Mir ist Silvesterabend beides nicht gelungen. So schlage ich nach, was für eine Bedeutung der Wurm hat. "Kaum Erfolg zu erwarten." Bei genauerer Betrachtung erkenne ich plötzlich kleine Beinchen an meiner Bleifigur. Es ist wohl doch eine Eidechse. "Schwer zu fassen", steht im Deutungsbüchlein. Werde ich etwa kompliziert? Oder nehme ich zu?

Nun blättere ich das Büchlein durch. Beutel: "Unerwartetes Glück." Wenn ich meine Bleifigur drehe, ist es eindeutig ein Beutel.
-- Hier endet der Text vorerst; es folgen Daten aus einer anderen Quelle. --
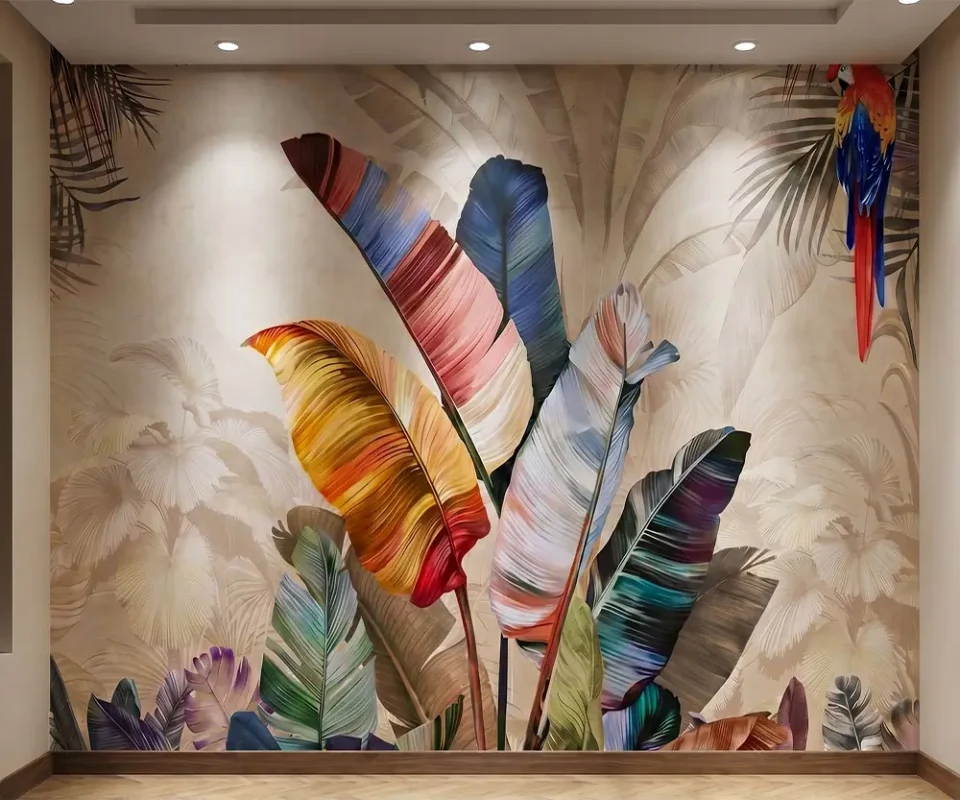 Papier peint panoramique sur-mesure motif jungle tropicale feuilles colorées et perroquet ara pour salon moderne au Maroc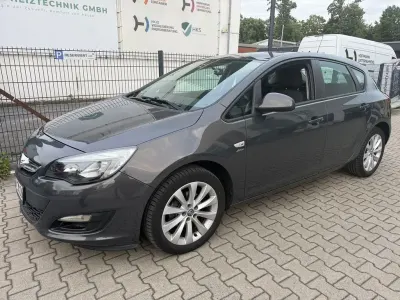 Gebraucht Opel Astra Active 140 PS (102 kW) 2013 Grau Limousine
Genauso eindeutig, wie die Bleifigur meiner Freundin. Ein Tropfen. "Liebeskummer." Wie unpassend, denke ich. Schließlich möchte sie dieses Jahr heiraten. Unisono kommen wir zu dem Ergebnis, dass das keine Träne ist. "Es könnte auch eine Glocke sein", sagt eine andere Freundin. Stimmt. "Eine Erbschaft rückt in greifbare Nähe". Sofort lächelt die künftige Braut, verzieht dann jedoch wieder das Gesicht: "Aber dann wird jemand sterben." Und ich fange wieder an zu blättern.